Başbakanın başarısızlığı
Neue Zürcher Zeitung'a göre federal hükümet zamanında çok zorlandı:
“2015 yılının sonbaharında kapasite sınırları aşıldı. ... Alman toplumu gibi hoşgörülü ve açık toplumların bile sığınmacıları kabul etme istekliliği sınırlıdır. Bu konuda aşırı yüklenme yaşanması, kaçınılmaz olarak karşı tepkilere yol açar. Başbakan ve kabinenin suçlandığı birincil konu, toplumdaki etkileşimi göz ardı etmeleri. ... Hükümet zaman zaman sorunla baş edemedi. Kontrollü bir müdahale ya da hümanist hoşgörü ile ulusal çıkarlar arasında bir uzlaşı tesis edemedi. Devlet başarısız oldu denemez belki, ama bir başarısızlık olduğu kesin.”

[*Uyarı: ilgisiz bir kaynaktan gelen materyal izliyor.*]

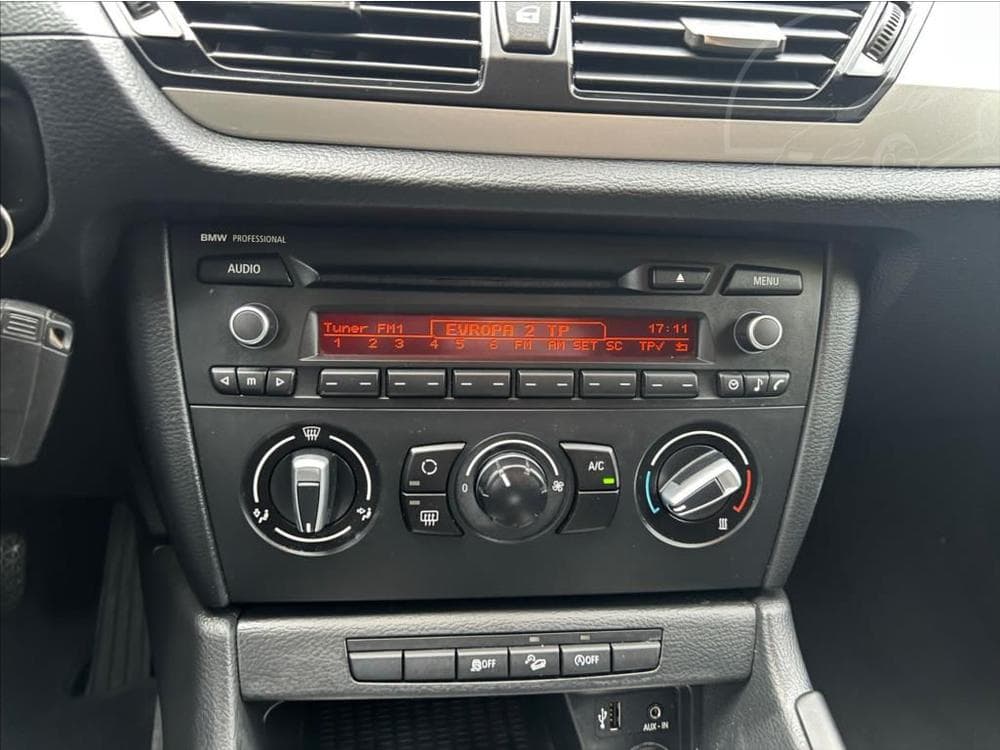 2012 BMW X1 - 16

Tarihi bir cümlenin arka yüzü
De Volkskrant'a göre sorun kesinlikle çözülmüş değil:
“'Başaracağız' sloganından beş yıl sonra bugün AB hala sayısız sığınmacıyı Yunanistan'daki sığınmacı kamplarında kilit altında tutuyor. Bu kamplar, Meksika duvarına akıl sır erdiremeyen, Donald Trump'ın kafeslerini eleştiren, ama Moria'dan söz etmeyen insanların yaşadığı, dünyanın en zengin ve en gelişmiş kıtasının alnında kara bir lekedir. Yunanistan'daki ilk kabul kampları aslında geçici kamplar olmalıydı, ama çoğu, insanlar için trajik bir son durak oldu. ... Botları kıyıya yanaştırmamak ve insanları hukuka aykırı bir şekilde Türkiye'ye geri göndermek yasak olmasına rağmen yine de yapılıyor. 'Başarmamız' gereken çok şey var daha.”

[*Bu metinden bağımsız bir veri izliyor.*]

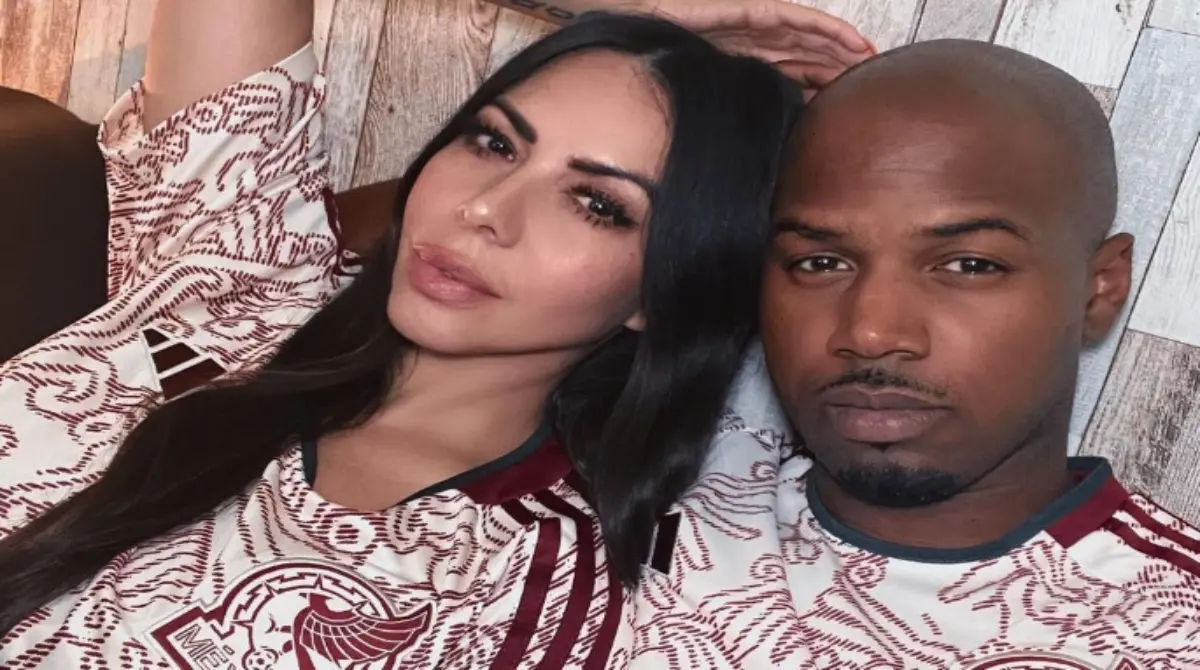 La periodista de Fox Sports encontr&oacute; el amor en Matis 'Tis' Zombie, su pareja de nacionalidad francesa que es m&uacute;sico, cantante y un gran fan de los deportes por igual, y con quien comparte su pasi&oacute;n por los Raiders.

Uyum işliyor, göç nedenleri kalıcı
Respekt, Merkel'in orta derecede başarılı sığınmacı politikasının bir bilançosunu çıkarıyor:
“Almanya'da uyum çalışmaları yürüyor - bu arada gözlemcilerin hepsi, bu sürecin en az iki nesil boyunca süreceğinin farkında. Ama Merkel'in 'Başaracağız' sözü gerçekten ortak bir Avrupa iltica sistemi vaadini de içeriyordu. Çünkü yoksul insanların büyük göçü, Afrika'daki ve Ortadoğu'daki sorunlar için kökten bir çözüm değil ve Almanya'nın sığınmacı kabul olanakları da kısıtlı. Siyasetçiler bunun ötesinde, başka kültürlerden gelen insanların ülkeyi tanınmaz hale gelene kadar değiştireceğinden korkan vatandaşı da dikkate almak zorunda.”

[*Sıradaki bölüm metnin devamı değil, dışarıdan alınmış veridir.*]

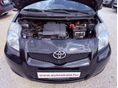 TOYOTA YARIS 2010/8 - 11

Göç konusu fazla olumsuz algılanıyor
Der Standard'a göre siyaset dünyası göçün olumlu taraflarını öne çıkarmalı artık:
“İnsanlar şu anda yabancı kökenli insanlardansa Koronavirüs kapmaktan daha çok korkuyor. Ancak büyük riskler almadan şu tahminde bulunulabilir: 'Yabancılar' konusu tekrar gündeme gelecek - ve muhtemelen yine çirkin şeyler yaşanacak. Çünkü o zamanki krizden çok da ders aldığımız söylenemez. En az da siyaset dünyası ders aldı. ... Siyasetin yabancılar konusunu sabit fikir haline getirmesi şimdiye kadar olumsuzdu. Göçün bir şans ve fırsat olabileceğini bugüne kadar anlayanların sayısı çok değil.”